To pre-process the raw review input I defined preprocessing functions. The first function cleaned up noise by selecting alphabetical text by matching regular expressions, making all remaining words only lowercase characters, and keeping only stop words from my user-defined set, stopwords. I applied this function to the dataframe column of raw review text ('reviewText') and the new preprocessed column ('clean_revs') is still readable, but much cleaner.
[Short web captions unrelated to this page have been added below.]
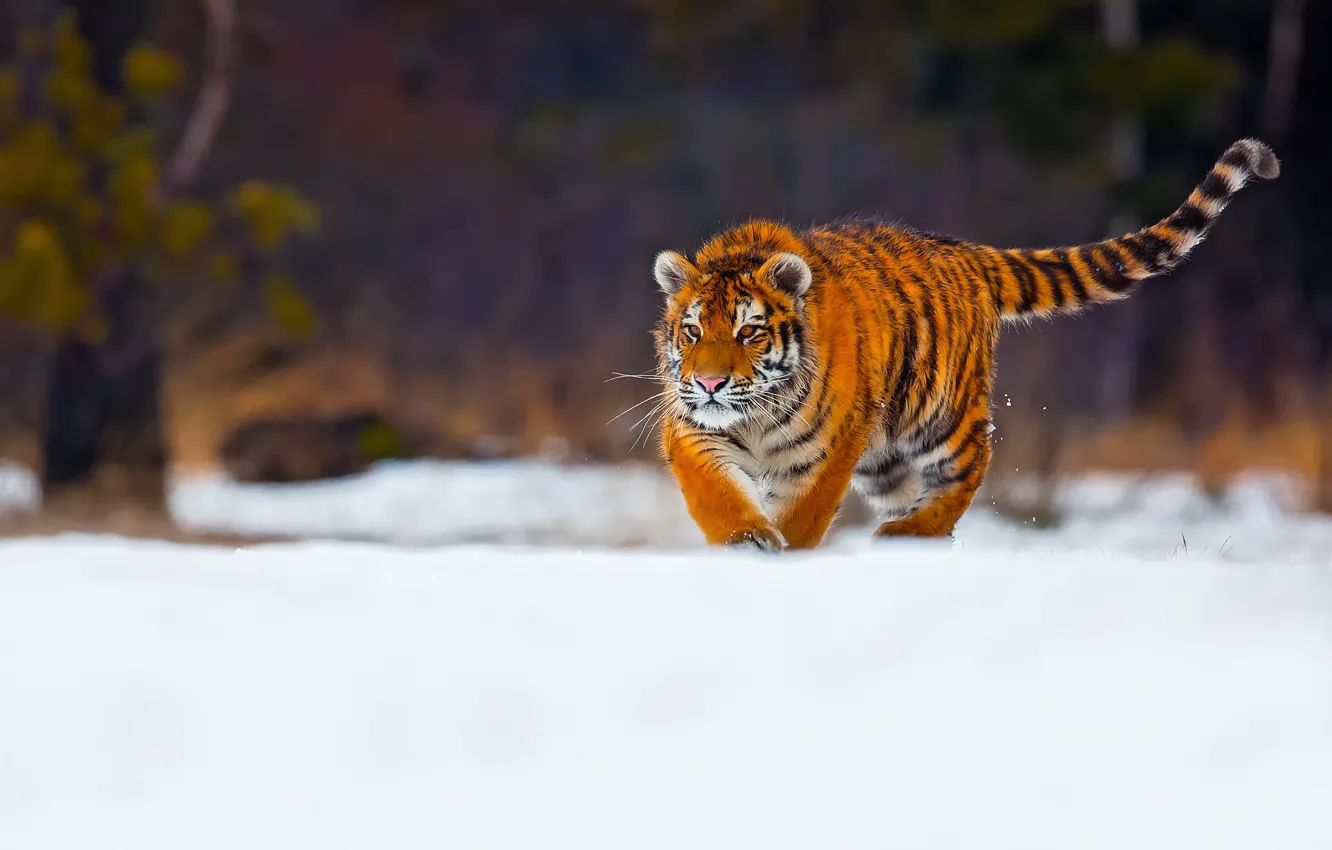 Фото обои зима, снег, тигр, молодой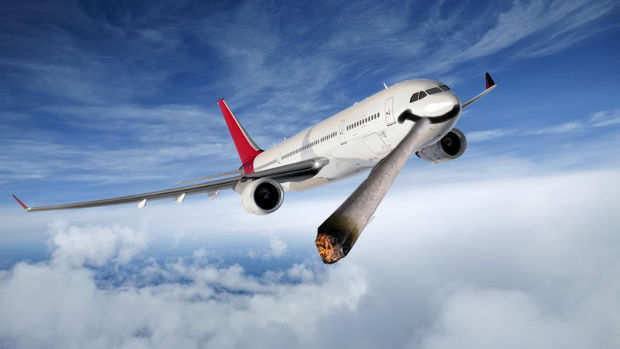 Можно провозить марихуану в самолете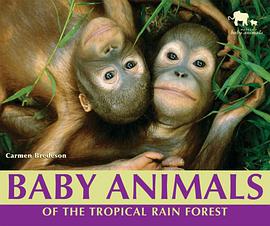 Baby Animals of the Tropical Rain Forest pdf epub mobi 电子书 下载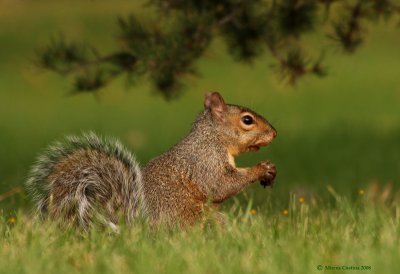 Eastern gray squirrel (Sciurus carolinensis)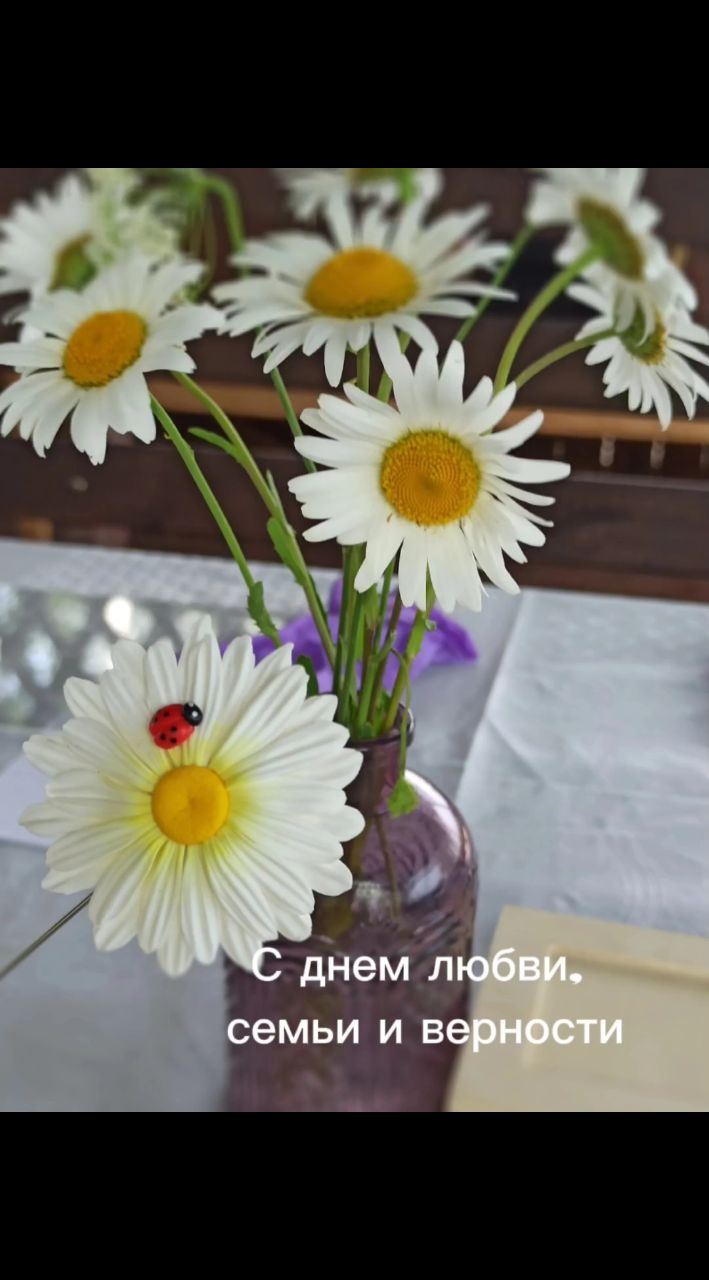 meshina.tat в LOOKY. . 🕊 С Днём семьи, люб...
|index	|reviewText	                                        |rating_cat	|clean_revs|
|:------|:------------------------------------------------- |:--------- |:---------|
|11541	|Definitely a MUST-READ if you are a home cooki...	|1	|definitely must home cooking enthusiast want g...|
|11542	|Pros: Scientifically informative and solid. Kn...	|0	|pros scientifically informative solid knowing ...|
|11543	|Real fun to read. For everybody that is inters...	|0	|real fun everybody intersted cooking certain p...|
|11544	|This book will teach you the chemical secrets ...	|0	|teach chemical secrets techniques usually used...|
|11545	|I paid more than $30 to buy such a superficial...	|0	|paid buy superficial trivial made big mistake ...|

__Table 2.__ Pandas DataFrame of raw review text, rating category, and review text processed by the first preprocessing function to remove stop words, lowercase all letters, and remove numerals.

Final steps towards normalization involved text tokenization and stemming. My second preprocessing function first tokenized the 'clean_revs' columns using word_tokenize from NLTK so that the review text becomes a list of strings where each word or token is a string. From NLTK I also imported the SnowballStemmer with 'english' vocabulary. The second preprocessor applied the stemmer to the tokenized words to reduce the dimensions of each review document. The stemmer keeps the 'stem' of words with multiple forms: science, scientific, and scientifically all become 'scienc'. The product is a less readable, but ready for machine learning DataFrame column, 'clean_revs'.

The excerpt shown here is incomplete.